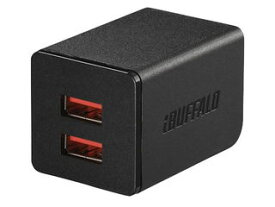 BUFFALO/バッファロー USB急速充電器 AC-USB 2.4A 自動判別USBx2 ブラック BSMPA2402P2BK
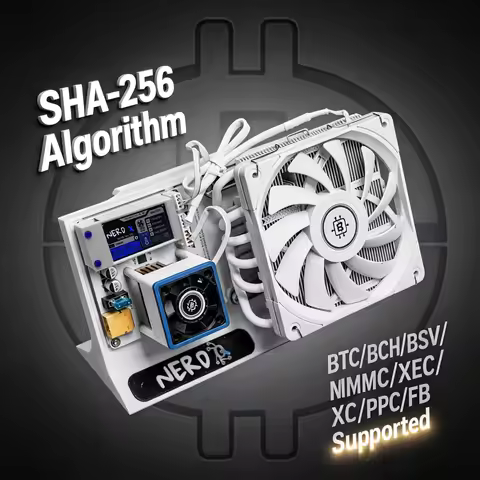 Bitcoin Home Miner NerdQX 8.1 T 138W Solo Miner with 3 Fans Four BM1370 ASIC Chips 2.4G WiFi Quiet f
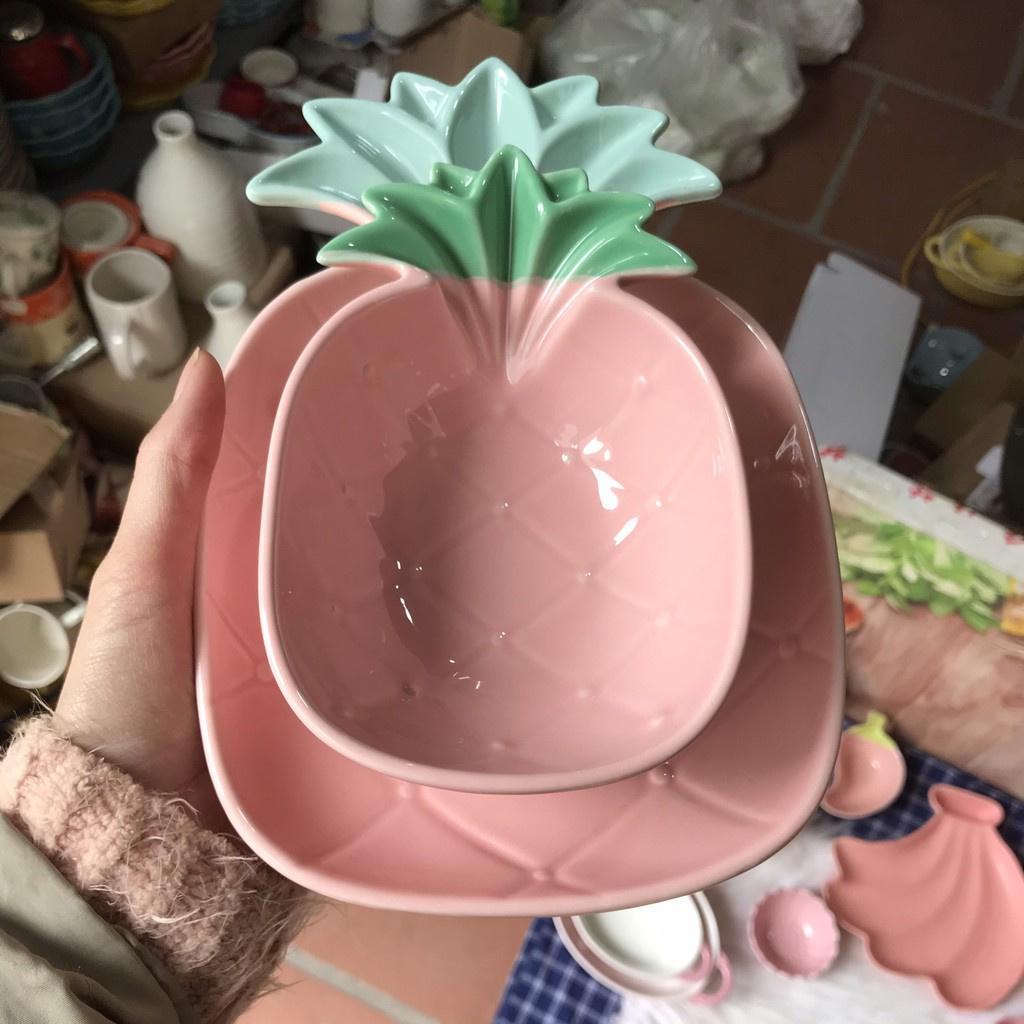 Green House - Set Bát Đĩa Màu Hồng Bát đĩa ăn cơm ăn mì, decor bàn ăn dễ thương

---

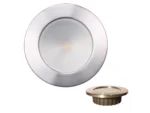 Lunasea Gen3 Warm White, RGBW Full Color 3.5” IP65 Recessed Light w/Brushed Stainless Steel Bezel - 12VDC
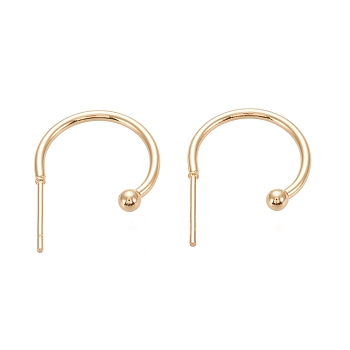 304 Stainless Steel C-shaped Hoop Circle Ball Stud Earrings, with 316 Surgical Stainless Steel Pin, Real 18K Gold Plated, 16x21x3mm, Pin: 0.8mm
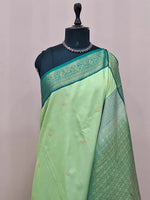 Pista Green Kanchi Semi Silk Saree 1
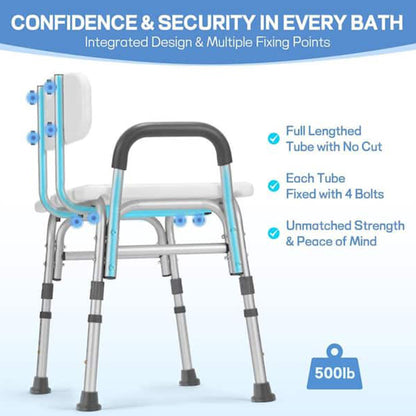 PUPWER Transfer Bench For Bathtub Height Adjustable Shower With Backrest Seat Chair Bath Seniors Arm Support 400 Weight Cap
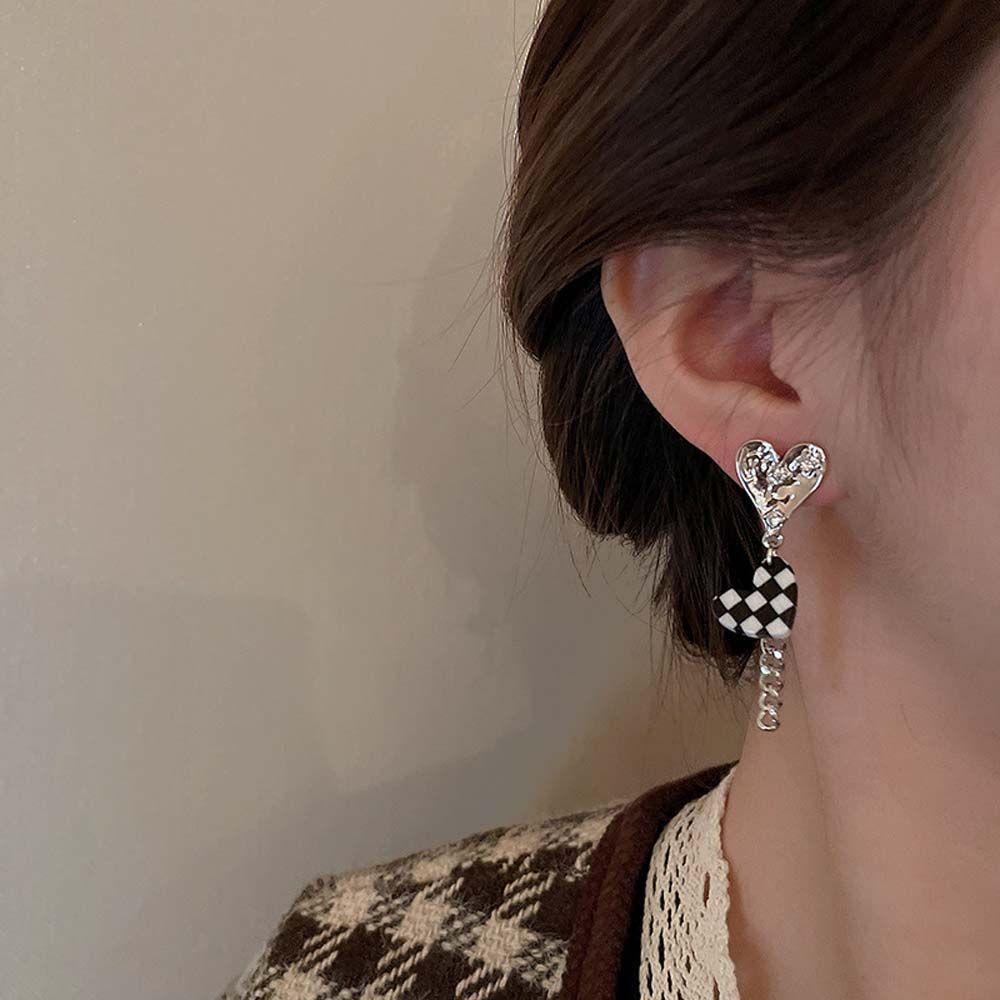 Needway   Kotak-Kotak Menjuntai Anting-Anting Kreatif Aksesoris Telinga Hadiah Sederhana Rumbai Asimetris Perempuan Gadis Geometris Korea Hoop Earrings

...

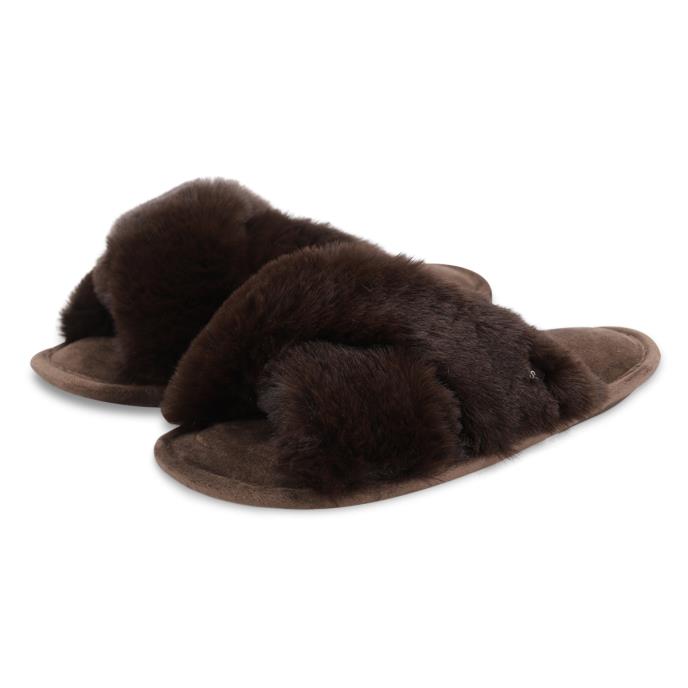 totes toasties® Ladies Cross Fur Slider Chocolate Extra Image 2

▶ _Goal of the exercise_
In the entries above, find the line with "Pista Green Kanchi Semi Silk Saree 1" and the line with "PUPWER Transfer Bench". Write out exactly those two lines and every line between them, pictures excluded.

▶ _Response below_
 Pista Green Kanchi Semi Silk Saree 1
 PUPWER Transfer Bench For Bathtub Height Adjustable Shower With Backrest Seat Chair Bath Seniors Arm Support 400 Weight Cap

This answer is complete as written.